The recent death of Sonny Rollins prompted the kind of grand homage that a career of that magnitude warrants. For nearly seven decades, Sonny was the — or at least a — dominant voice on the tenor saxophone, not immune from the whims of musical fashion or the occasional eclipse of a brighter new star, but always present, active, recording, performing, forever searching. His fame was proportionate to his genius. It grew as he aged, and it will survive his passing.
Not every genius is so fortunate. The history of jazz is replete with musicians of the highest order whose reputations did not, and do not, match their abilities — some because of misfortune, some because of changing tastes or trends, some because the world just wasn’t paying attention. To take Kurt Vonnegut’s wisdom far out of context, you can always trust the crowd to look at the wrong end of a miracle.
Don Byas belongs in that company, and this Friday evening’s Jazz Spectrum offers a chance to spend an hour with his music and understand its brilliance, if not why the world mostly missed it.
Don came of age as a tenor saxophonist in the 1930s and early 1940s, emerging between two waves of the instrument’s great voices. Behind him stood Coleman Hawkins, Lester Young, and Ben Webster — the defining titans of the swing era and its adjacencies, each in possession of a style so complete it was difficult to hear anything outside their realms as being entirely independent. Ahead of him, though not yet fully emerged, were Coltrane and Rollins, who would carry the tenor into entirely different territory.
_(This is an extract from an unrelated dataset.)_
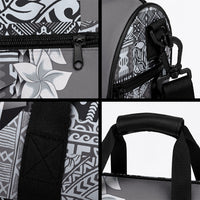 Aloha Vintage Plumeria Hawaiian Tapa Pattern Duffle Bag Gray Hawaiian Tapa Pattern LT9 - Polynesian Pride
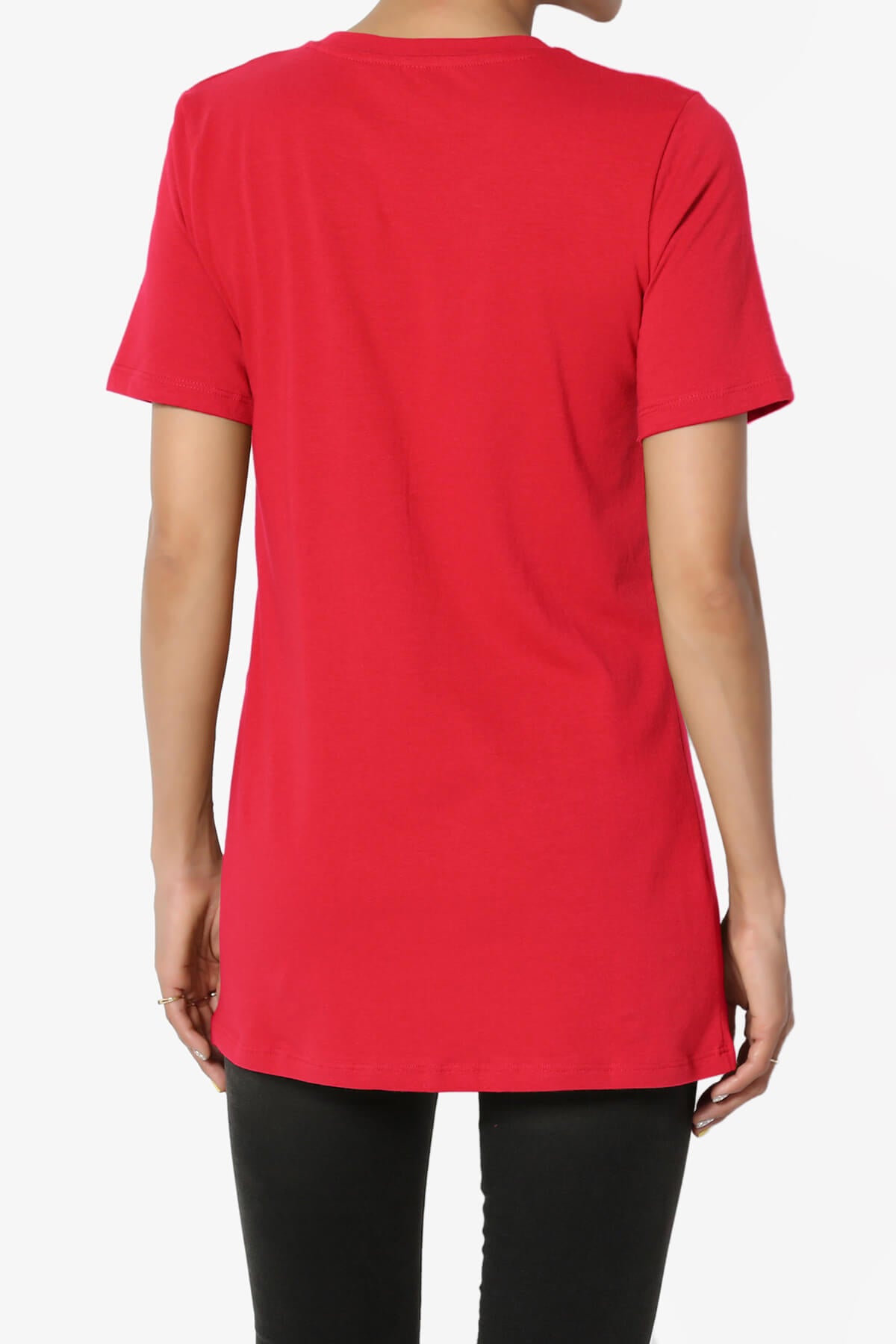 Elora Crew Neck Short Sleeve T-Shirt RED_2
They would soon rise to prominence, and in that rising take with them the fascinated appreciations that might otherwise have attended to Don’s music.
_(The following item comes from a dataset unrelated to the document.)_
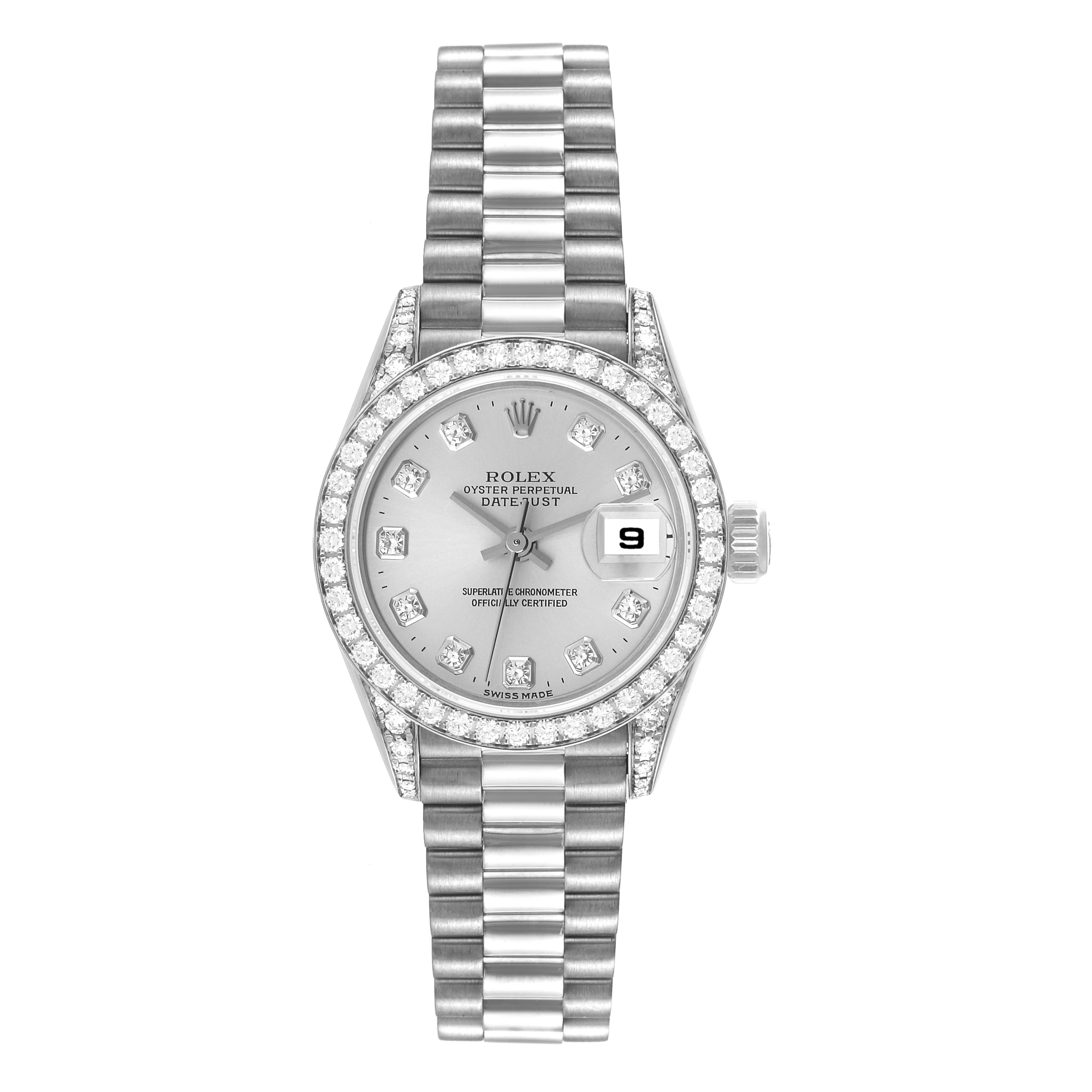 The image shows a front view of a Rolex President 79159 Women's White Gold Silver Dial 79159 Women's White Gold Silver Dial Datejust watch featuring a silver bracelet, diamond bezel, and date window.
Don found himself buffeted by those two waves, caught between the swing tradition and the bebop revolution that remade jazz in the mid-1940s. He was present at the Minton’s Playhouse sessions where bebop was being invented, and he was comfortable enough in that world to hold his own. But his sound and his musical vision were rooted in the harmonic and melodic sensibilities of the swing era. In a real sense, he belonged to both worlds. But he was claimed fully by neither.
This Friday we’ll hear the Classic Don Byas Sessions, recorded between 1944 and 1946 and collated by Mosaic Records with their typical care. During the 10pm hour, we’ll hear nineteen tracks spread across three sets, each a complete statement of Don’s improvisational brilliance. Recorded in the abbreviated format of the 78 rpm era, none of these tracks runs longer than three and a half minutes. That constraint, which in time would disappear, freeing later musicians to go on and on, only concentrates Byas’s considerable powers.
Two of the tracks we’ll hear Friday illuminate Don’s gifts with particular clarity. “Body and Soul,” which closes the evening, puts Byas in direct conversation with Coleman Hawkins, whose 1939 recording of that tune is one of the most celebrated in jazz history — the performance that, more than any other, established the tenor saxophone as an instrument capable of harmonic sophistication and lyrical depth. Don’s version arrives five years later. In it, we hear him fully in command of everything Hawkins established, and bringing to the tune his own distinctive warmth and harmonic intelligence. The inheritance is audible, and so is the individual voice.
“Embraceable You,” from the middle set, illuminates the other side of his stylistic position. Charlie Parker recorded the same Gershwin standard within a year of Byas’s version, and the contrast is instructive: Bird’s approach fragments and transforms the melody, using it as loose scaffolding for invention that is pure bebop. Byas honors the tune more directly, but with a harmonic richness and improvisational freedom that goes well beyond the swing tradition. He is in the territory between those two worlds, drawing from both, and producing something distinctly his own.
In 1946, Don left the United States for Europe — initially on tour, then permanently. He settled in the Netherlands, where he was revered, and spent the rest of his life there. Unlike Dexter Gordon, whose long Copenhagen expatriation ended with a triumphant return to American audiences in 1976, Byas never came back to reclaim his place in the American imagination. Europe knew what it had. America, largely, forgot.
This Friday from 10 to 11 on Jazz Spectrum, you have the opportunity to remember — or to discover for the first time — one of the great tenor saxophonists in jazz history. The recordings are eighty years old. They are as alive as ever, and as alluring.